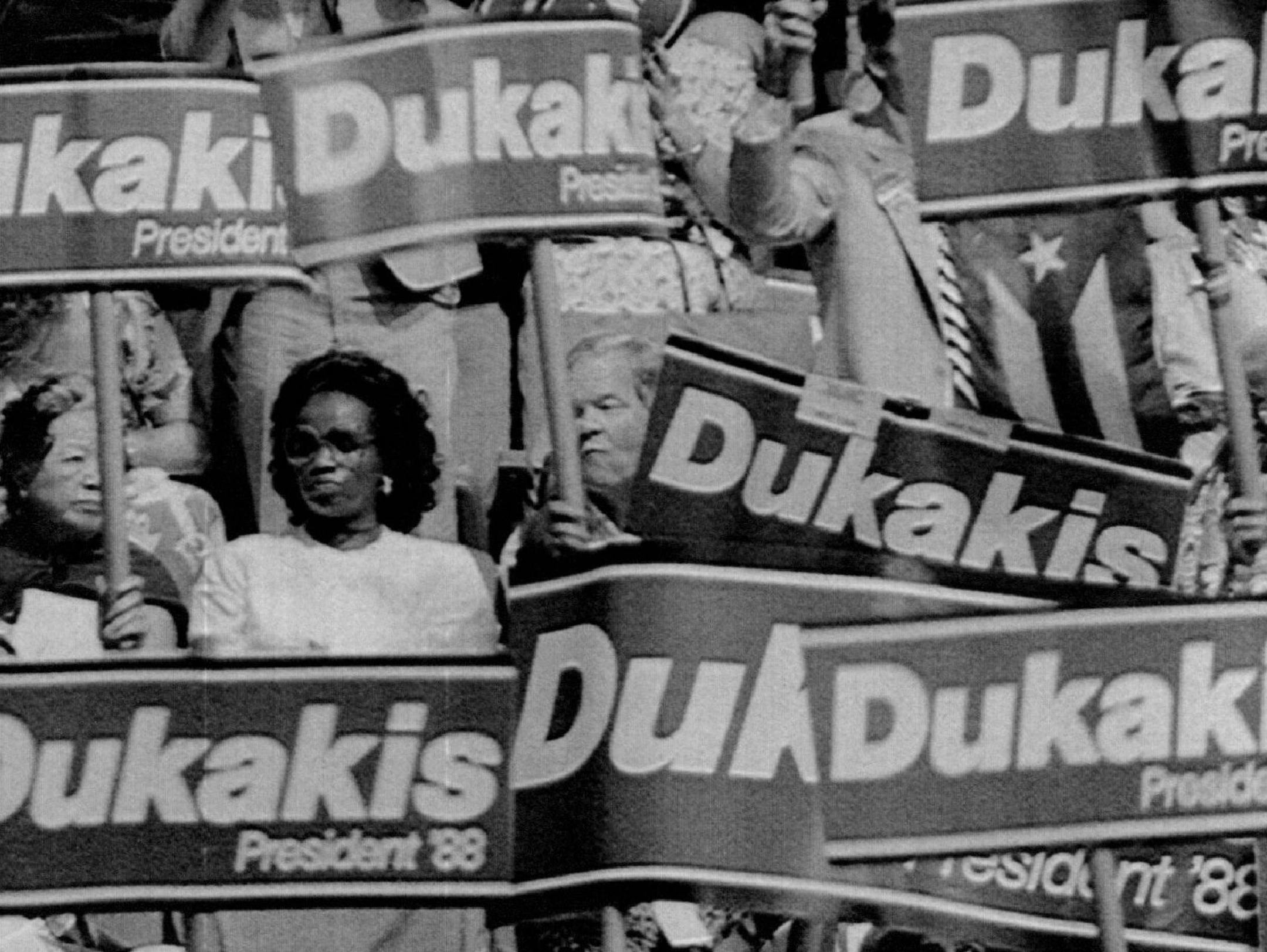July 19, 1988 BANNERS EVERYWHERE--Delegates to the Democratic National Convention wave Dukakis banners during a floor demonstration Tuesday night in Atlanta. Ron Edmonds, AP Colorphoto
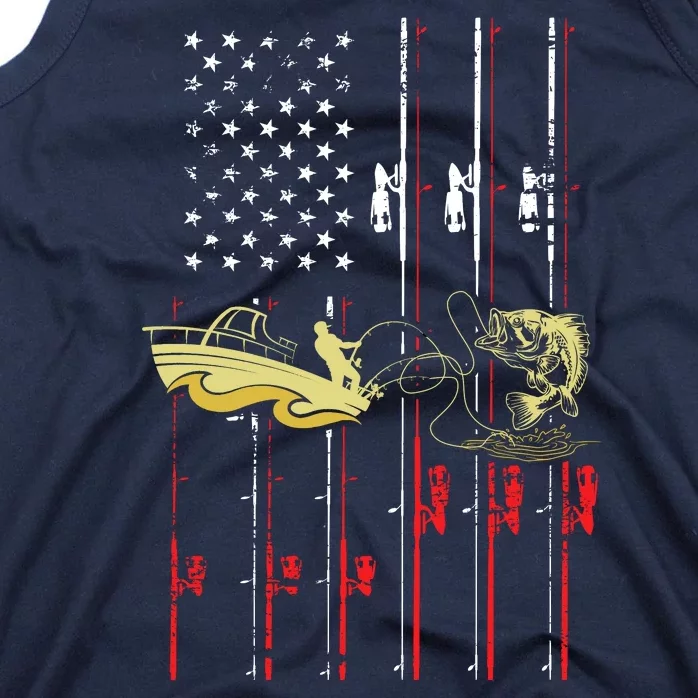 American Fishing Flag Tank Top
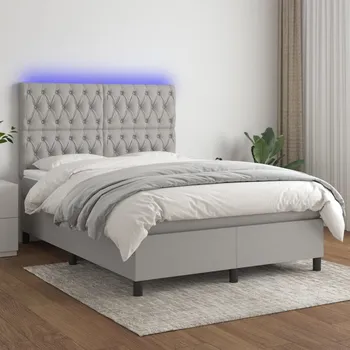 Postel vidaXL Box spring postel s matrací a LED 140x200 cm textil [3135118] Barva: světle šedá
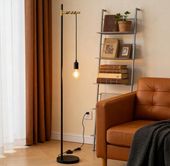 Lampa podłogowa stojąca Czarna E27 40W Retro Aigostar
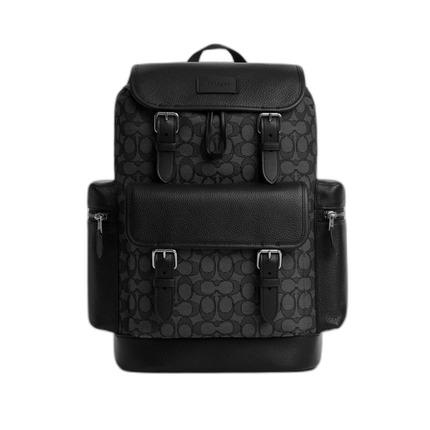 Coach Women's Sprint Backpack In Signature Jacquard Silver/Charcoal/Black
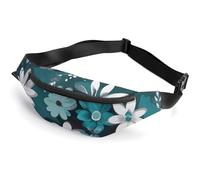 Teal Grey And White Floral Belt Bag, Multifunctional Sports Waist Pouch with Adjustable Strap, Lightweight Casual Waist Pack for Travel Running Cycling Daily Outdoor Activities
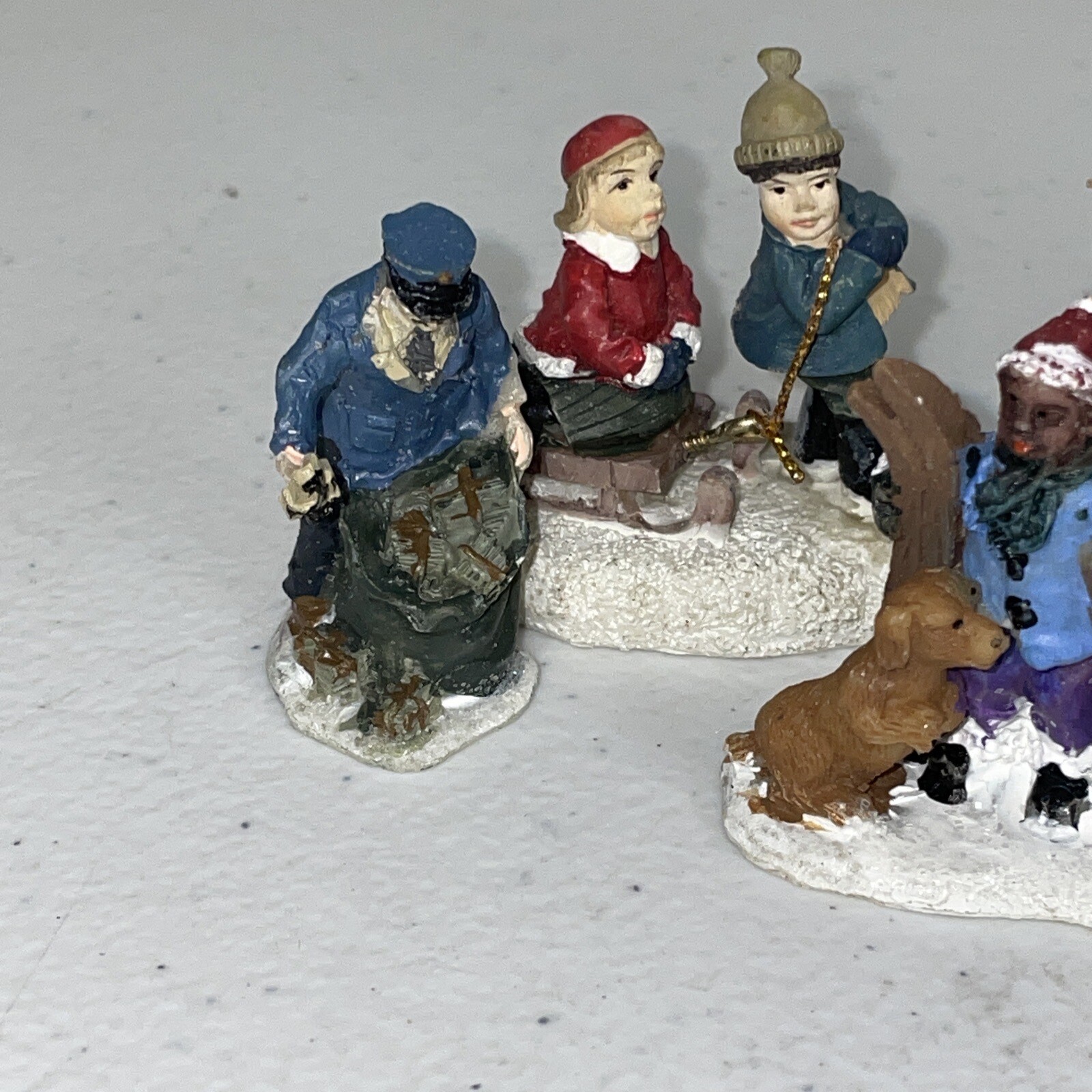 Vintage Christmas Village Figurine Lot Small Resin Village Holiday Figure Lot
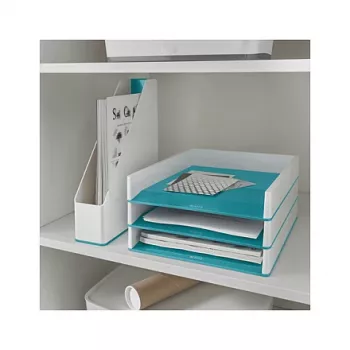 LEITZ WOW Duo Colour vassoio portadocumenti A4 azzurro ghiaccio/bianco 5361-10-51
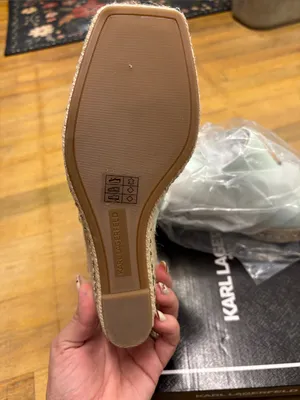 Karl Lagerfeld Mint Espadrille Wedge Mules with Gold Logo thumbnail 4
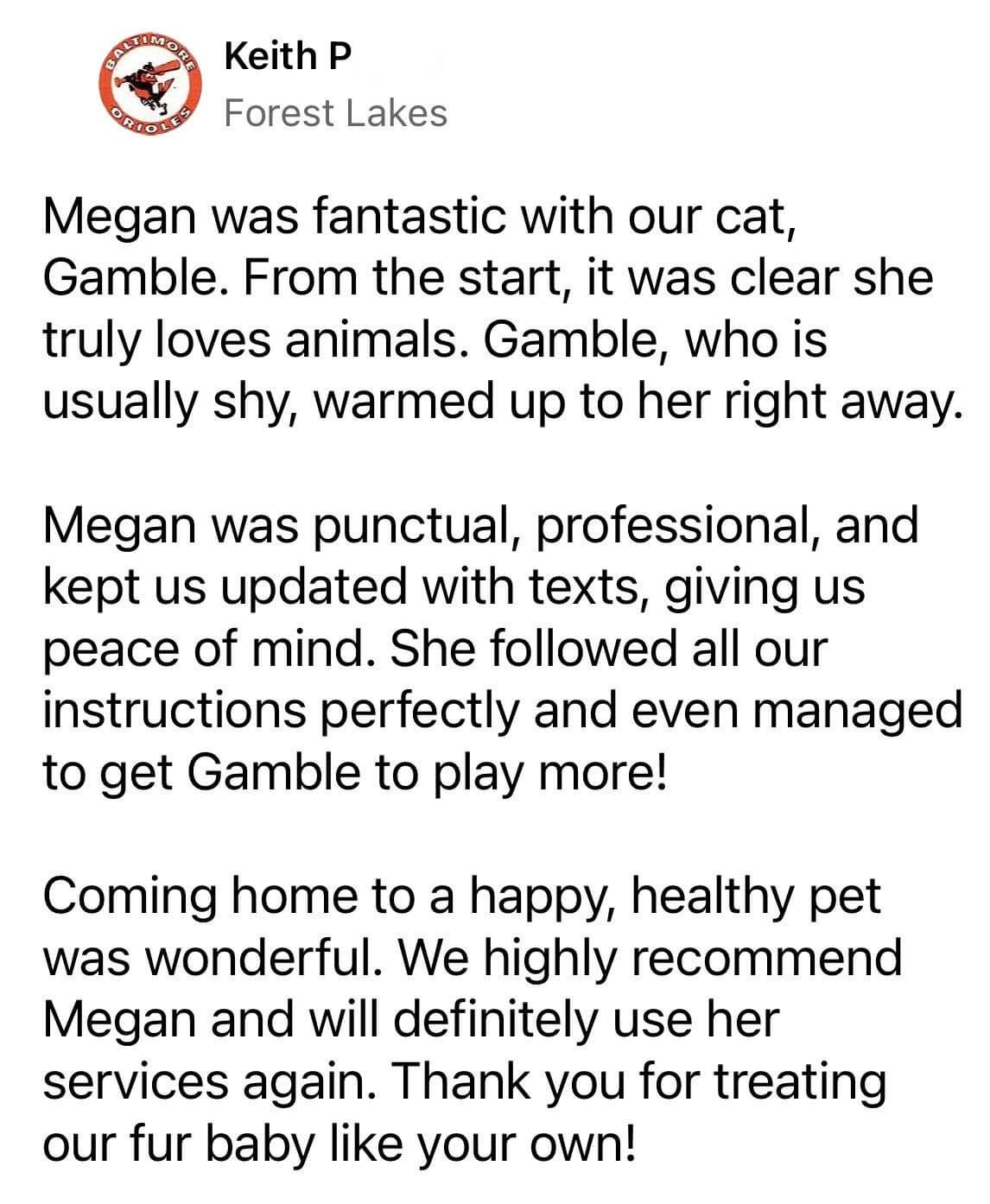 Small pet sitting testimonial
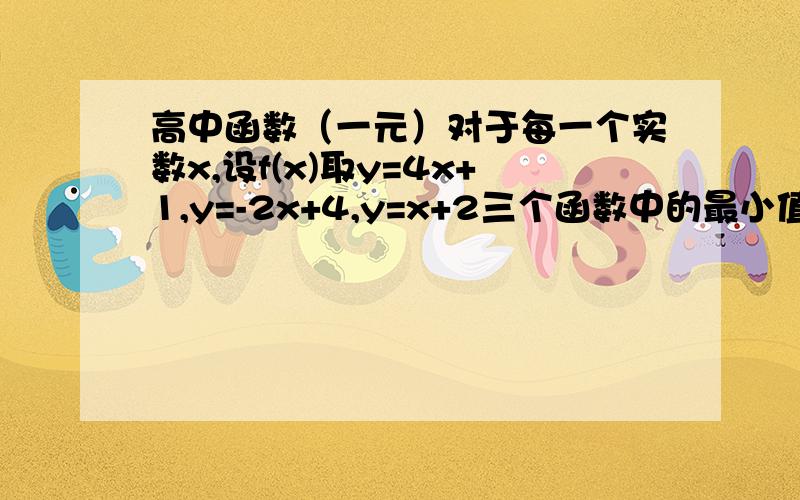 高中函数（一元）对于每一个实数x,设f(x)取y=4x+1,y=-2x+4,y=x+2三个函数中的最小值,用分段函数写出f(x)的解析式,并求f(x)的最大值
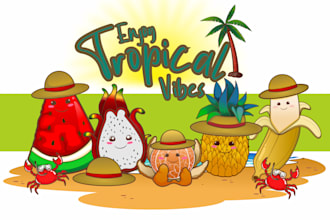 draw cartoon illustrations for tshirt design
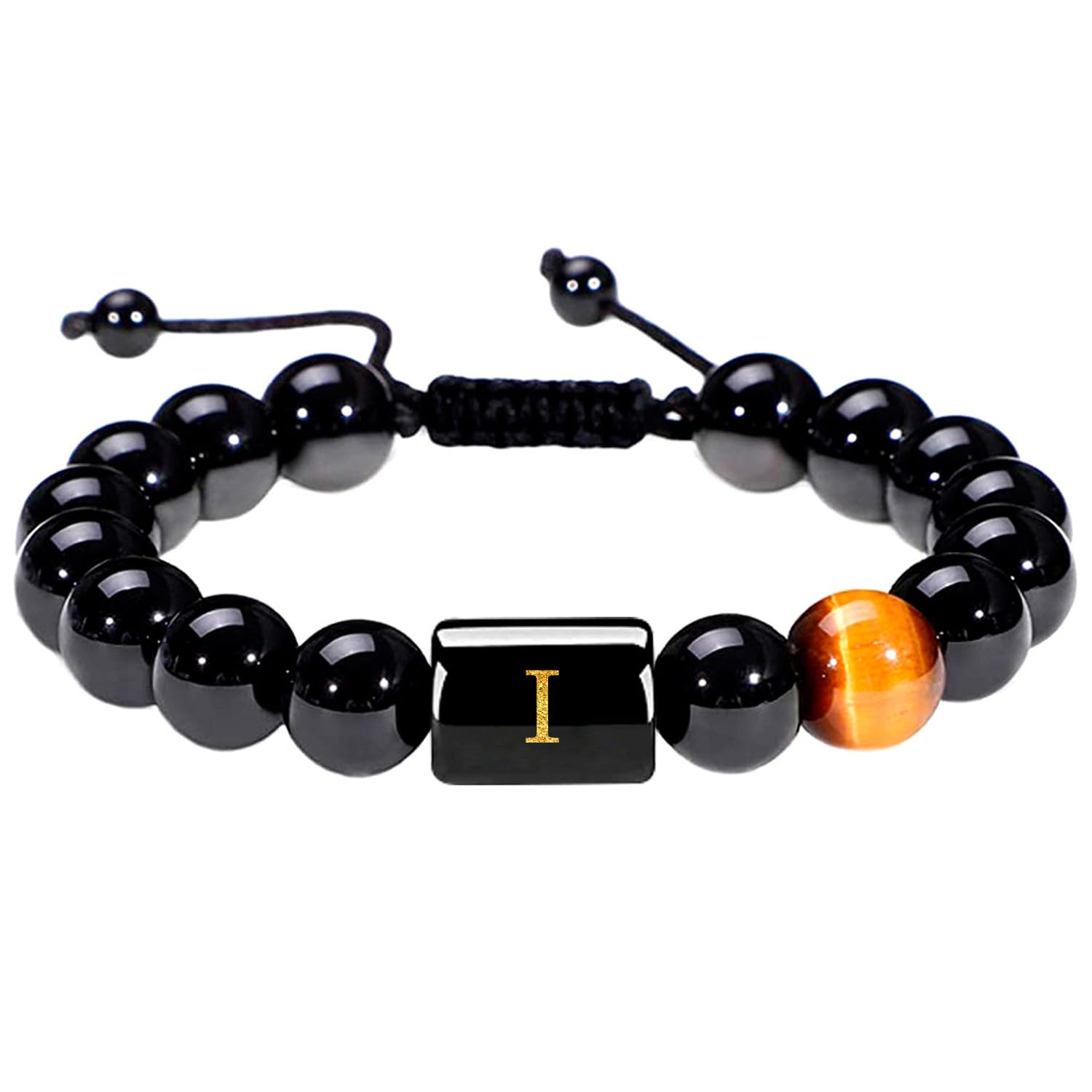 YOTHIWAD Initials Bracelets for Men Letters Bracelet Natural Tiger Eye Black Onyx Beaded Bracelet Handmade Jewelry Gift for Men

━━━━━━━━━━━━━━━━━━━━

## PROBLEM STATEMENT
Leave the pictures out and return each entry exactly.

## COMPLETED TASK
July 19, 1988 BANNERS EVERYWHERE--Delegates to the Democratic National Convention wave Dukakis banners during a floor demonstration Tuesday night in Atlanta. Ron Edmonds, AP Colorphoto
 American Fishing Flag Tank Top
 Postel vidaXL Box spring postel s matrací a LED 140x200 cm textil [3135118] Barva: světle šedá
 Lampa podłogowa stojąca Czarna E27 40W Retro Aigostar
 Coach Women's Sprint Backpack In Signature Jacquard Silver/Charcoal/Black
 Teal Grey And White Floral Belt Bag, Multifunctional Sports Waist Pouch with Adjustable Strap, Lightweight Casual Waist Pack for Travel Running Cycling Daily Outdoor Activities
 Vintage Christmas Village Figurine Lot Small Resin Village Holiday Figure Lot
 LEITZ WOW Duo Colour vassoio portadocumenti A4 azzurro ghiaccio/bianco 5361-10-51
 Karl Lagerfeld Mint Espadrille Wedge Mules with Gold Logo thumbnail 4
 Small pet sitting testimonial
 高中函数（一元）对于每一个实数x,设f(x)取y=4x+1,y=-2x+4,y=x+2三个函数中的最小值,用分段函数写出f(x)的解析式,并求f(x)的最大值
 draw cartoon illustrations for tshirt design
 YOTHIWAD Initials Bracelets for Men Letters Bracelet Natural Tiger Eye Black Onyx Beaded Bracelet Handmade Jewelry Gift for Men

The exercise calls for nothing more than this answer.